Gamification. More specifically, a game called: Destination Unknown.
The mechanics of the game are really quite simple. When you’re ready to play, you are shown a series of user-curated photos (taken via Instagram) from a specific city somewhere in the world. After observing these photos, you are given a chance to guess where in the world the city is (on a map). If you guess correct you earn points; however, an incorrect guess will not earn you any points. The game is timed so you have four minutes to guess as many cities as you can. If you earn enough points to make it on the top 50 leaderboard, you have the chance to win free airline tickets. Try it out for yourself by clicking the image below …
Here are three elements of Destination Unknown that make it a particularly effective example of gamification:
1. It’s a short experience – Employees – much like passengers in an airport – usually don’t have a lot of time on their hands; therefore, by making a game short, it becomes easier to embed into an everyday workflow. The constraint of time also has the added benefit of making a game more thrilling and thus, engaging. This can help combat the absurdly high cost of disengagement.
2. It has repeat play value – When you combine time limits with very enticing extrinsic rewards (like free airplane tickets), you will have players coming back for more. When players return, not only does it increase their engagement with the content but it also reinforces that content. In the case of Destination Unknown, the content happens to be the global destinations to which airlines fly to from the Schiphol Airport.
3. The content is inherently educational – The most powerful aspect of Destination Unknown is that, as users get better at the game … they are learning more about the world. Eventually, the desire to learn this information is what will make the gamification experience transition from being extrinsically motivating to intrinsically motivating.

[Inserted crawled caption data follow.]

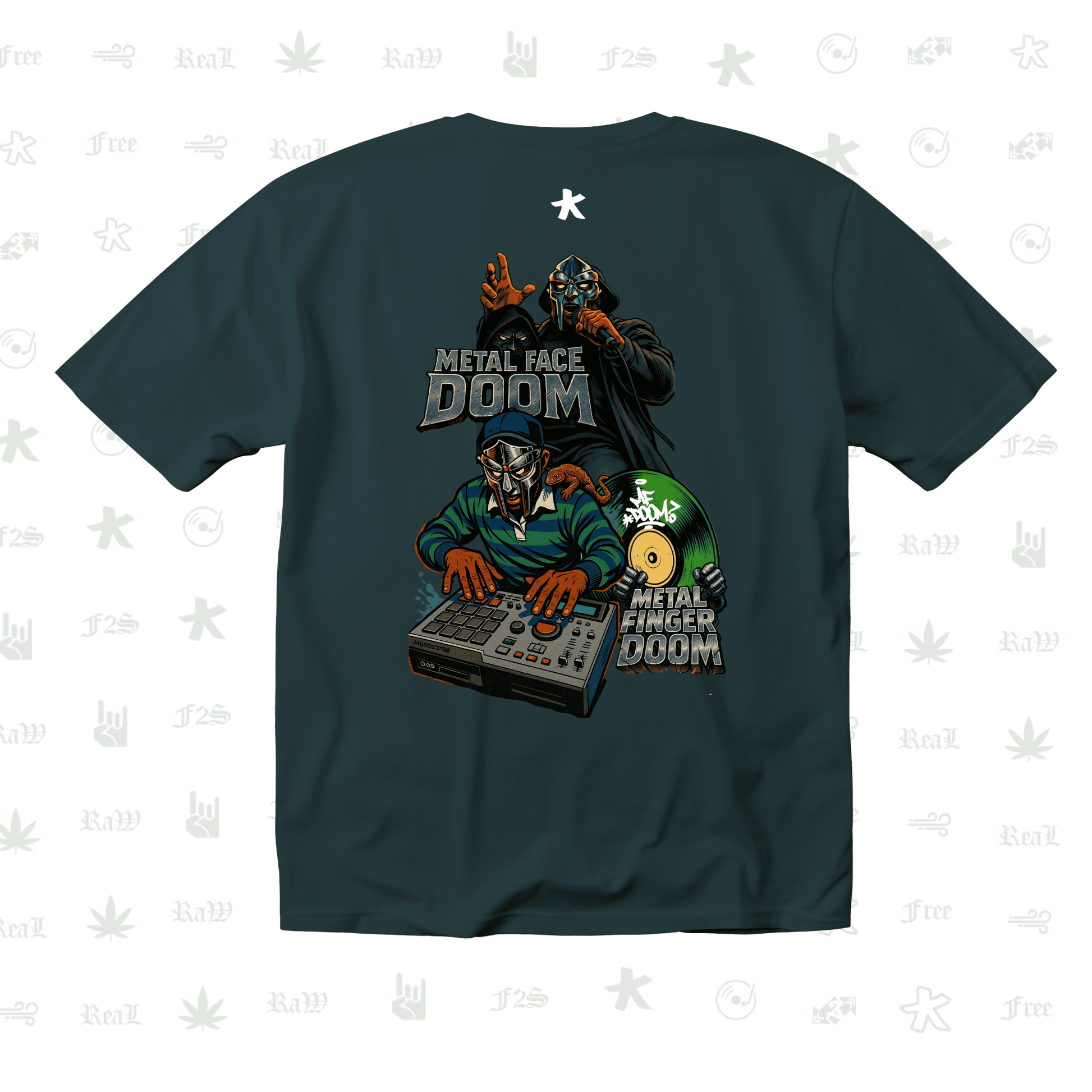MF DOOM METAL FACE/FINGER Unisex Petrol Blue Oversized T-Shirt.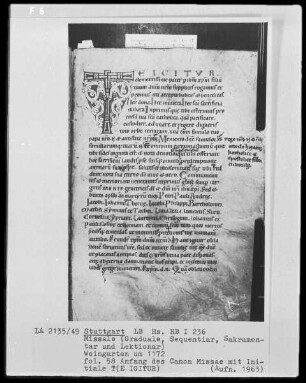 Graduale-Sakramentar-Lektionar — Initiale T(e igitur), Folio 58recto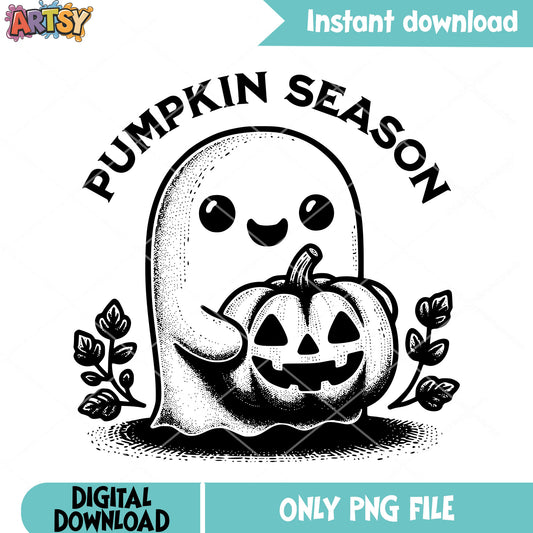 Baby ghost pumpkin png, jack o lantern png, scary halloween png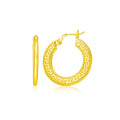 14k Yellow Gold Greek Key Medium Hoop Earrings with Flat Sides
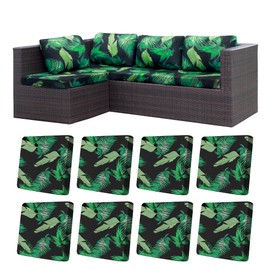 8Pcs Stretch Patio Cushion Covers Outdoor Cushion Covers,for Outdoor Couch Cushion Covers Replacement,Outdoor Sofa Covers Patio Slipcovers Couch Cover,Washable Furniture Cover (Summer, Cover Only)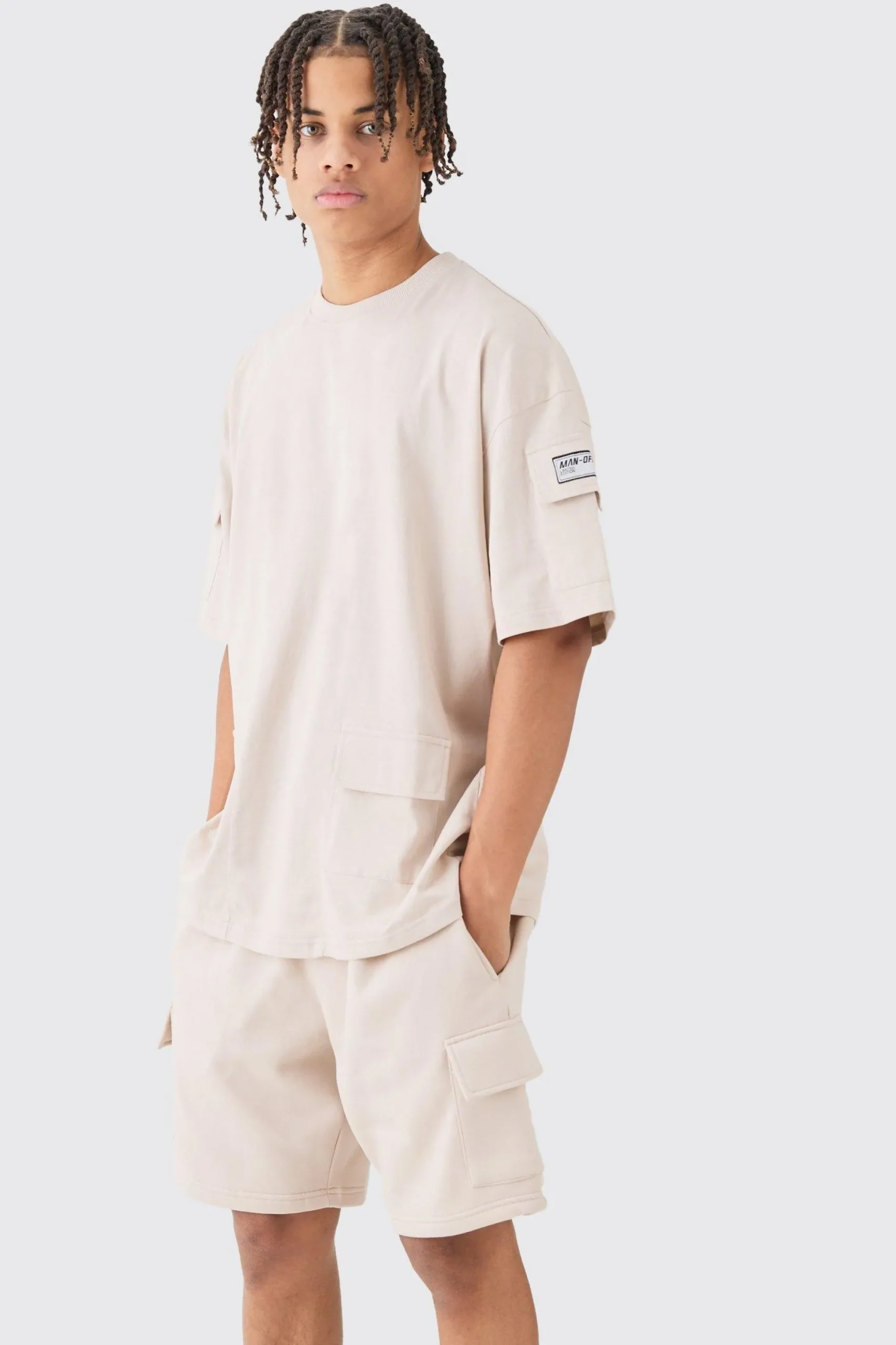 boohooMAN Oversized Cargo T-shirt And Short Set | UK| Sets & Co-Ords|Tracksuits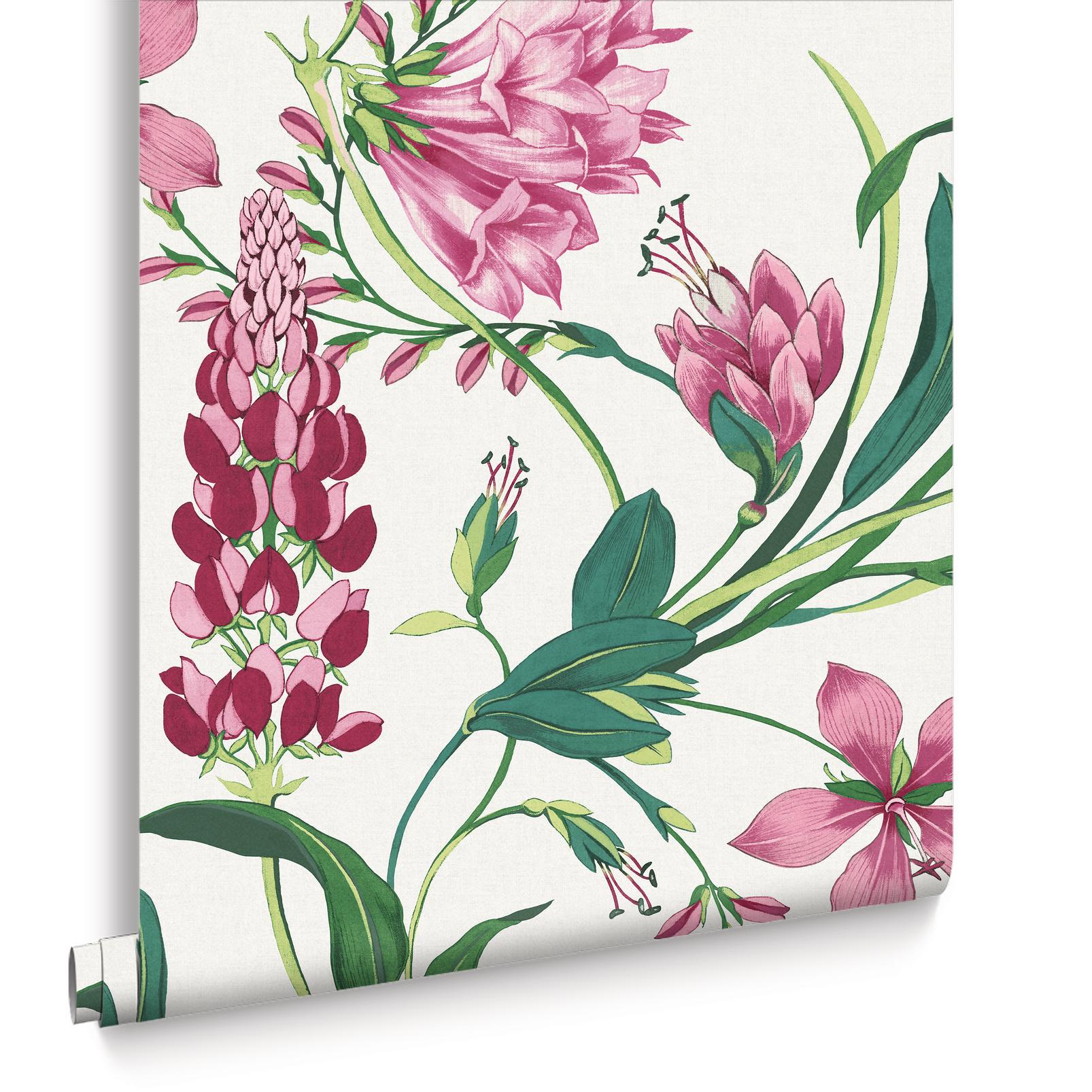 Botanists Scroll Mauve Wallpaper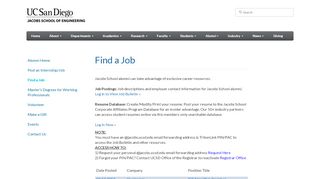 
                            1. Find a Job - UCSD Jacobs School of Engineering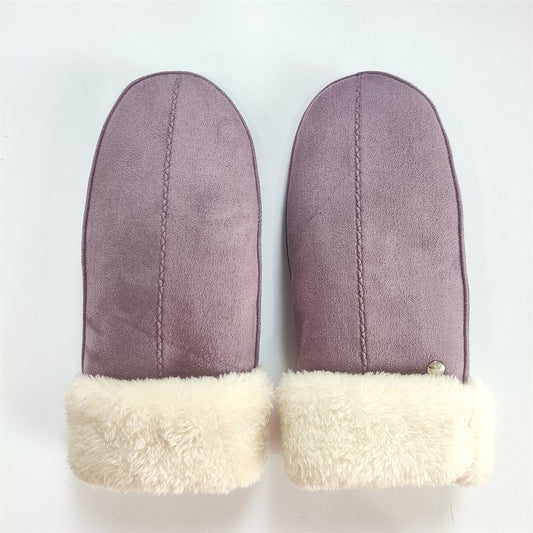 CLUB ROCHELIER LADIES FAUX SUEDE SHERPA MITT, CONTRAST SHERPA CUFF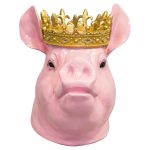 Crown Pig Bust Statuette - Front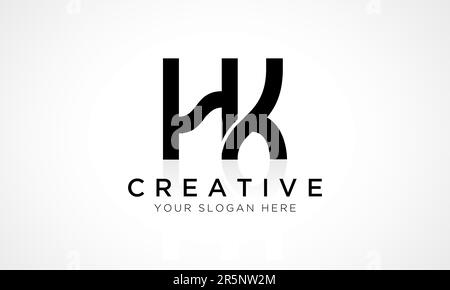 HK Letter Logo Design Vector Template. Alphabet Initial Letter HK Logo Design With Glossy Reflection Business Illustration. Stock Vector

This is the level of engagement that any gamified program should aspire to achieve.
Here is a quote taken directly from a Marketing Land article, which sums up the goal of Destination Unknown really well:
“The gamification of user-generated tourism photos is a trifecta of genius that provides both an enjoyable distraction and means to educate travelers not only about where they can fly from Amsterdam’s Schiphol, but also about the destinations themselves — feeding visitors’ travel bug and hopefully inspiring a journey.”
Inspiring action. Shouldn’t this be the goal of any great learning program?